EMISSION DU 10 OCTOBRE 2003

Après Cancun...

Avec Raoul-Marc Jennar, Chercheur à l'Urfig et à Oxfam

 

Pascale Fourier  : Des sous et des hommes, une émission de Pascale Fourier et notre invité aujourd’hui est Raoul Marc Jennar, chercheur à l'Urfig.

Raoul Marc Jennar, je l’ai coincé au retour de Cancun, et justement, Cancun, c’était la conférence ministérielle de l’Organisation Mondiale du Commerce qui s’était tenue du 10 au 14 septembre au Mexique. La première question que j’ai posée à Raoul Marc Jennar, c’est justement : « Réunion ministérielle de l’OMC d’accord, mais c’est quoi une réunion ministérielle ? ».

Raoul-Marc Jennar : Une conférence ministérielle, c’est une conférence qui réunit des ministres, et ici c’est l’organe suprême, l’organe le plus important. En fait, il faut voir comment c’est l’OMC. C’est une organisation qui a son siège à Genève, et qui compte d’abord des services pour suivre l’application de tous les accords que gère l’OMC, et à la tête de cette organisation, il y a un Directeur Général. Au-dessus de lui, il y a ce qu’on appelle le Conseil Général, qui est la réunion des ambassadeurs des 146 pays membres de l’OMC. Donc chaque pays qui est membre de l’OMC doit, en principe, envoyer un ambassadeur à Genève qui va participer aux réunions du Conseil Général. Et il y en a tout le temps. Et il va aussi participer à des réunions de groupes de travail. Il y a, en fait, une quarantaine de réunions par semaine à l’OMC, de différents groupes de travail, plus les réunions du Conseil Général. Ce sont eux qui discutent entre eux de l’application des différents accords et des problèmes que ça pose. Mais ils ne peuvent pas décider de modifier les textes existants, de la compliquer, de les supprimer. Ceux qui peuvent modifier les textes existants et en adopter de nouveaux, ce sont les ministres, qui se réunissent ensemble dans ce qu’on appelle une « conférence ministérielle », et des conférences ministérielles, il y en a une tous les deux ans. Depuis que l’OMC a été créée le 1er janvier 1995, il y a eu une conférence ministérielle à Singapour, une autre à Genève, une troisième dont on a beaucoup parlé à Seattle, la suivante à Doha en novembre 2001 et on vient d’avoir la cinquième, du 10 au 14 septembre à Cancun au Mexique. Donc la conférence ministérielle, c’est l’organe suprême qui peut très bien, on peut rêver une seconde, supprimer les 22.500 pages des accords de Marrakech ou bien en ajouter 10.000. A Cancun, comme ils n’ont pas réussi à se mettre d’accord, ils n’ont rien ajouté du tout… ils n’ont rien supprimé non plus.

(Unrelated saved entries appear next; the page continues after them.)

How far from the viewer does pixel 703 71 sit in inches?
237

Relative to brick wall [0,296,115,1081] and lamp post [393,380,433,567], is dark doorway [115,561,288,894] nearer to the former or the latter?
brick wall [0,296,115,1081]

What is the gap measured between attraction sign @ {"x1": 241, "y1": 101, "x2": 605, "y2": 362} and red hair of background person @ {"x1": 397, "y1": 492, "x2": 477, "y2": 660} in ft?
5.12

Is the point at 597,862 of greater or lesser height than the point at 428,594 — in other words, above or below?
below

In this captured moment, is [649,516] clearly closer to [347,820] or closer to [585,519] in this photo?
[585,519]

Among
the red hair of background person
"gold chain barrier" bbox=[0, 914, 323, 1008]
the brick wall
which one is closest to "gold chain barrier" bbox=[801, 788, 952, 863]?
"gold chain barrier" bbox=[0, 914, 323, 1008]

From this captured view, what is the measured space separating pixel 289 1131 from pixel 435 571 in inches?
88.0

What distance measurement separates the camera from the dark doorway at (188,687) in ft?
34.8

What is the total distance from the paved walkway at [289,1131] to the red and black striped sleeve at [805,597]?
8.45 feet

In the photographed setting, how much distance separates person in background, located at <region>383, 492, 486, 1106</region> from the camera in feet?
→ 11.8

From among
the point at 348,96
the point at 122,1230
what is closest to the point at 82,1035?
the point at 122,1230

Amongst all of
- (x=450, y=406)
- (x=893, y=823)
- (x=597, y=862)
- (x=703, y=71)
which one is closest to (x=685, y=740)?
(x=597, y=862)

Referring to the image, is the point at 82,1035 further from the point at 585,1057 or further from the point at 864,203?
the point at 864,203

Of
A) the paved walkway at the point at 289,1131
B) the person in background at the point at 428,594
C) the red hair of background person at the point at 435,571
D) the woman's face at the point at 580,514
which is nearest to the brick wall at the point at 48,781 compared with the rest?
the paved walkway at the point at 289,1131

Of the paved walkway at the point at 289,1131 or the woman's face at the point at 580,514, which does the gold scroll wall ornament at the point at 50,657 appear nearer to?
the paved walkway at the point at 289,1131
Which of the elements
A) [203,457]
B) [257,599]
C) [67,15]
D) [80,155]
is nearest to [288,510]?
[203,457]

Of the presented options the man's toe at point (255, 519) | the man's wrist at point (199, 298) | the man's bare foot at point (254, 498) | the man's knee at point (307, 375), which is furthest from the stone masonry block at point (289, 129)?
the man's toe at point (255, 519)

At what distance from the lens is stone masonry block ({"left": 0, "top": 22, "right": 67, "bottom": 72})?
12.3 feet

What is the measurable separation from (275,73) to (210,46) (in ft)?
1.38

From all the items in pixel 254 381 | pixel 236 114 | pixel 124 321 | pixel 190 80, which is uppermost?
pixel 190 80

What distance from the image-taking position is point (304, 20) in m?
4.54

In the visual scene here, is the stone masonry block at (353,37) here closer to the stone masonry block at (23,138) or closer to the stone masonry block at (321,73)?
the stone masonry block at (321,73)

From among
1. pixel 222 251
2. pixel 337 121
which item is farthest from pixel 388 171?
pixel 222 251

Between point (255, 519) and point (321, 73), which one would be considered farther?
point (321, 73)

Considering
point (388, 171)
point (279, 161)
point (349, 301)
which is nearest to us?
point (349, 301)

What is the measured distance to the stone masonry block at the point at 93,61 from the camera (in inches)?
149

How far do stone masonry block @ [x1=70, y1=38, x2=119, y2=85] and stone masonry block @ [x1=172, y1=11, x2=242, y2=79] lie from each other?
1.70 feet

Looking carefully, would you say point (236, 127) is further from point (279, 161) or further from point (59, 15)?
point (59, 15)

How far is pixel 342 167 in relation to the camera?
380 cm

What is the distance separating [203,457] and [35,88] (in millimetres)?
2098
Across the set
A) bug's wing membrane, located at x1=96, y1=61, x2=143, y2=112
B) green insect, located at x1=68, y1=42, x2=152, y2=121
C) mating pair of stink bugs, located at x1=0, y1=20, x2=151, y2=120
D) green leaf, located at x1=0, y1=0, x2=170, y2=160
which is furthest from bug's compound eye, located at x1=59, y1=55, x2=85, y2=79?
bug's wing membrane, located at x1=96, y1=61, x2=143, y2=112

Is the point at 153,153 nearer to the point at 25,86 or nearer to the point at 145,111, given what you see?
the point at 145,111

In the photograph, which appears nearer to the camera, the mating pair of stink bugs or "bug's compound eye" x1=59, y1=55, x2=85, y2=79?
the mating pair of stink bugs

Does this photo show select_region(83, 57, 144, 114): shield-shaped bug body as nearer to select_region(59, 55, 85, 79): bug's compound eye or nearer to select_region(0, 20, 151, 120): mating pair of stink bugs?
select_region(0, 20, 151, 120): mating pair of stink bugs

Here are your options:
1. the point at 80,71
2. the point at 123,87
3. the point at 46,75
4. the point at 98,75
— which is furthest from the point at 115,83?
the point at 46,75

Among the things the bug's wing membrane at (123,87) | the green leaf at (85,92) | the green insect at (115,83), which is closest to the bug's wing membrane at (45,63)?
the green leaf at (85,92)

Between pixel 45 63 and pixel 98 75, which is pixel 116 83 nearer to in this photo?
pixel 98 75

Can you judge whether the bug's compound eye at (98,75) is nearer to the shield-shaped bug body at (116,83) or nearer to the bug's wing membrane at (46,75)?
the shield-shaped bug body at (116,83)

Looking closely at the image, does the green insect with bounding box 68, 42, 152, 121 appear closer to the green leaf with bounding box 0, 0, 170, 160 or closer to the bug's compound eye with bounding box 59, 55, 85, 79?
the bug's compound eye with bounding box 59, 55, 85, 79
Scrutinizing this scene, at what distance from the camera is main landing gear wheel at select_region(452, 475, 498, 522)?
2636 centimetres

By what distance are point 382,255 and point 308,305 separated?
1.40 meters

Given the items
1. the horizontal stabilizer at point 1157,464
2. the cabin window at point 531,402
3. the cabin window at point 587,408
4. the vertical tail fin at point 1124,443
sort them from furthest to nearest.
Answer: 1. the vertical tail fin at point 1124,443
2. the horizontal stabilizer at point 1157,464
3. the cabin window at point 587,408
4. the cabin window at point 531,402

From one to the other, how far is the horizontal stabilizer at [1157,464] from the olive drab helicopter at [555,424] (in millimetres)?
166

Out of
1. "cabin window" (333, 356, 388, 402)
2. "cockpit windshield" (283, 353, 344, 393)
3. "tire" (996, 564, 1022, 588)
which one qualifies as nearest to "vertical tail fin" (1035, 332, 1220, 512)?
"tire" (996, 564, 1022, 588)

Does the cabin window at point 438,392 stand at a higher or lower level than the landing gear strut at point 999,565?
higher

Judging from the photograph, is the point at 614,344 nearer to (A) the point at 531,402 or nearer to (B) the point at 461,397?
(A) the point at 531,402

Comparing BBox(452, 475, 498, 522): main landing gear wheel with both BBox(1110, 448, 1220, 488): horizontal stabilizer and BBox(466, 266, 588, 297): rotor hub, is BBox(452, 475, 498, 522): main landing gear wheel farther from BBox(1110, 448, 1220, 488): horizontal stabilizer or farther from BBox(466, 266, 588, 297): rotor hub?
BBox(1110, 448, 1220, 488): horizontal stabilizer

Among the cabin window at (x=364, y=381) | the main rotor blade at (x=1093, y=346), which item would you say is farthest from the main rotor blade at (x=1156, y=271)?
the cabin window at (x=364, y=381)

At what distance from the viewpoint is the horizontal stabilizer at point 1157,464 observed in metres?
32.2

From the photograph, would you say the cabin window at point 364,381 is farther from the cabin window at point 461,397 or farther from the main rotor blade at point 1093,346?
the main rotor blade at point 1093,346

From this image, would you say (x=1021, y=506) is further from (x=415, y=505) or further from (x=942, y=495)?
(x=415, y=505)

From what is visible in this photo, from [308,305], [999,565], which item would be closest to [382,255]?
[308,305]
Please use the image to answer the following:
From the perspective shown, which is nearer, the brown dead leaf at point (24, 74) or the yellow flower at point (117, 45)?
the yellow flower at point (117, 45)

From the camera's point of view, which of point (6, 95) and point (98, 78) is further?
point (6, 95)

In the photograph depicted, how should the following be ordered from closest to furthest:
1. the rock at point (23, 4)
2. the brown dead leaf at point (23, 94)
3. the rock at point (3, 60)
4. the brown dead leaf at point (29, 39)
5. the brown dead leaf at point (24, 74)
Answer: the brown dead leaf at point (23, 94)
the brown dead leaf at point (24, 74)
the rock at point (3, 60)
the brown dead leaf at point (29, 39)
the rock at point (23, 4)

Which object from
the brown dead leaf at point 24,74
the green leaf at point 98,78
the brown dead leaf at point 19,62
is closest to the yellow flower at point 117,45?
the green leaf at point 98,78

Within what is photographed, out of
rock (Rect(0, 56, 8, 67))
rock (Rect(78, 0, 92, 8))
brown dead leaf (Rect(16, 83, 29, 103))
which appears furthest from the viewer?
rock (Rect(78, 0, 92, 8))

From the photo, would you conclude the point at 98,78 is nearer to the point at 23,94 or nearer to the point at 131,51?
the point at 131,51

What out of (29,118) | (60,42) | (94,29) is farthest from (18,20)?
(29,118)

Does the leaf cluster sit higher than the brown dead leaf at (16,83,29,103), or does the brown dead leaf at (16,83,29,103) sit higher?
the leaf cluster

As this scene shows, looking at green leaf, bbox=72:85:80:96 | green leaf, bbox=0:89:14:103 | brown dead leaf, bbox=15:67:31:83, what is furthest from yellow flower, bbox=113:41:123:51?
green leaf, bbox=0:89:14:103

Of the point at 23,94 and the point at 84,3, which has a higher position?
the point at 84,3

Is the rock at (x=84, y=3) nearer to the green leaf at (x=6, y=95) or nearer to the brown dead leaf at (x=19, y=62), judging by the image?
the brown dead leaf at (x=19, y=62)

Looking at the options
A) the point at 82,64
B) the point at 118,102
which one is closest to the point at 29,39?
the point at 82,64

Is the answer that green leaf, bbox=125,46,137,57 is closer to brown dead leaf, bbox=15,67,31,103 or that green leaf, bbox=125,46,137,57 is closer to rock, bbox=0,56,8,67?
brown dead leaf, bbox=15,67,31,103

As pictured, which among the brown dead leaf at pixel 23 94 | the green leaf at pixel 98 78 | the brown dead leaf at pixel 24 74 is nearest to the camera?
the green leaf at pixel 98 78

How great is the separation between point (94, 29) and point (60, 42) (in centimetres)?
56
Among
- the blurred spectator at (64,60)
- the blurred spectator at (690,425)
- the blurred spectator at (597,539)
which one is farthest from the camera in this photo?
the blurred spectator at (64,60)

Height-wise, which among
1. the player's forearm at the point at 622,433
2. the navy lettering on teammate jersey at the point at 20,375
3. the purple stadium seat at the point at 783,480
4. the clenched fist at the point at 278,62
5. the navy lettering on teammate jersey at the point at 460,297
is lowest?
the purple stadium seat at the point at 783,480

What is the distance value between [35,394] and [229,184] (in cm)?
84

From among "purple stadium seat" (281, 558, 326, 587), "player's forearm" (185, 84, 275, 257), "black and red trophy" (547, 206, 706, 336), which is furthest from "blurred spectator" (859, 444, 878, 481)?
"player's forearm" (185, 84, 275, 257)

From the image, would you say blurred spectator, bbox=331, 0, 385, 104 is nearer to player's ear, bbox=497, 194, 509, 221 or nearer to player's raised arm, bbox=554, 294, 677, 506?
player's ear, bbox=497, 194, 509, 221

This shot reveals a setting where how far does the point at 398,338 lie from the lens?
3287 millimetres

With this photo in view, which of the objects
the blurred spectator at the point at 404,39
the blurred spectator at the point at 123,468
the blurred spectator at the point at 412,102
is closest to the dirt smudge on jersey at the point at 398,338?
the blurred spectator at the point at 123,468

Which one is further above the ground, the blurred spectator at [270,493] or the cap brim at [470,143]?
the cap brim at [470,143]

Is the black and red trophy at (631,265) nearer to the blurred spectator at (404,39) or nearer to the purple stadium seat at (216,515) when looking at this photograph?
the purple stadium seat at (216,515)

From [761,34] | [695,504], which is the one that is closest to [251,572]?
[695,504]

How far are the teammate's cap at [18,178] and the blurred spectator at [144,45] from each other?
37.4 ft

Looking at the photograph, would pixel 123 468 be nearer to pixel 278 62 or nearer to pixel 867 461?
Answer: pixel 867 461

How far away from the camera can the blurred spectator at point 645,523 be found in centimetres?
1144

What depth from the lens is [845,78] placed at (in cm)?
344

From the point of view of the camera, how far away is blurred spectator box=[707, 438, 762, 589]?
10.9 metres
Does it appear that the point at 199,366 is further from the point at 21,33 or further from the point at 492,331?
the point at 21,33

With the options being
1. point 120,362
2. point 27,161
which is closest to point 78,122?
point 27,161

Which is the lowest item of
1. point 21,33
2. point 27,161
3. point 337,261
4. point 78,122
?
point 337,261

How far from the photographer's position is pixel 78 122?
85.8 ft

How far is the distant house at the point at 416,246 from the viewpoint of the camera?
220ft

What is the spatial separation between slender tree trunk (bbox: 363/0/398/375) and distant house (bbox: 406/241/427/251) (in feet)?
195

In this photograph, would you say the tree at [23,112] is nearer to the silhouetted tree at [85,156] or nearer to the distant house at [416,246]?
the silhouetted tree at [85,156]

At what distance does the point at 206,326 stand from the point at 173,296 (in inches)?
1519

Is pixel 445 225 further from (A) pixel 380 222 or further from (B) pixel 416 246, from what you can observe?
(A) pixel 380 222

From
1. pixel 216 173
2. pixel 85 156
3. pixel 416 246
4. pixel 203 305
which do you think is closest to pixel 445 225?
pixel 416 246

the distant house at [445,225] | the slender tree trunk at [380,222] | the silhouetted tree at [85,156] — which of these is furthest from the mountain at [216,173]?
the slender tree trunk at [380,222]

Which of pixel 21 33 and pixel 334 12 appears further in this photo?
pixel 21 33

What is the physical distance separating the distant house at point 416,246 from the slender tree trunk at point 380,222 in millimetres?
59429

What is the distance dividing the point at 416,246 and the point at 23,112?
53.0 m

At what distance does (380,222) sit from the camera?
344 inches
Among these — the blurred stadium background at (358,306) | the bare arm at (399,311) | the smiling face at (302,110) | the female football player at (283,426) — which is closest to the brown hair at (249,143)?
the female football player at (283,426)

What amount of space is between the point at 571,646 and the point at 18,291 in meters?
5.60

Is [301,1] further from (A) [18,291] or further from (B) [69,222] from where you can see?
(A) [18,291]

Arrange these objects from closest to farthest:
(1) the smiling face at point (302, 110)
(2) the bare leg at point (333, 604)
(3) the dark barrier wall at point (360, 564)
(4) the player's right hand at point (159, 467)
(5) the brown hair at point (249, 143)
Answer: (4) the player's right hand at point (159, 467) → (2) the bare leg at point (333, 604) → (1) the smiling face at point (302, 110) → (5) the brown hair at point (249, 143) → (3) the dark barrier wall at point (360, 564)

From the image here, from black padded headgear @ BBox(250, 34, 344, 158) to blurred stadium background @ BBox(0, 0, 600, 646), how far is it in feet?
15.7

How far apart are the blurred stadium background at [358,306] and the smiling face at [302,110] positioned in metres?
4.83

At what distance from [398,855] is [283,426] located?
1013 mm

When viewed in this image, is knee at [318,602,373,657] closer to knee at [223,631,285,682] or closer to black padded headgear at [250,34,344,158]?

Pascale Fourier  : Quand vous dites que c’est la réunion des ministres, mais des premiers ministres ou des…

Raoul-Marc Jennar : Non, c’est la réunion des ministres du commerce. En fait des ministres qui ont en charge le commerce international, car d’un pays à l’autre, ça diffère un peu. Parfois c’est le ministre des affaires étrangères qui a dans ses attributions le commerce international, parfois c’est le ministre de l’économie et des finances, et parfois, comme c’est le cas en France, il y a un ministre en charge du commerce extérieur. En France dans l’actuel gouvernement, c’est monsieur Loos. Mais donc, ce sont les ministres qui ont en charge le commerce international.

Pascale Fourier  : Et là on a parlé d’échec de Cancun… alors c’est un échec ?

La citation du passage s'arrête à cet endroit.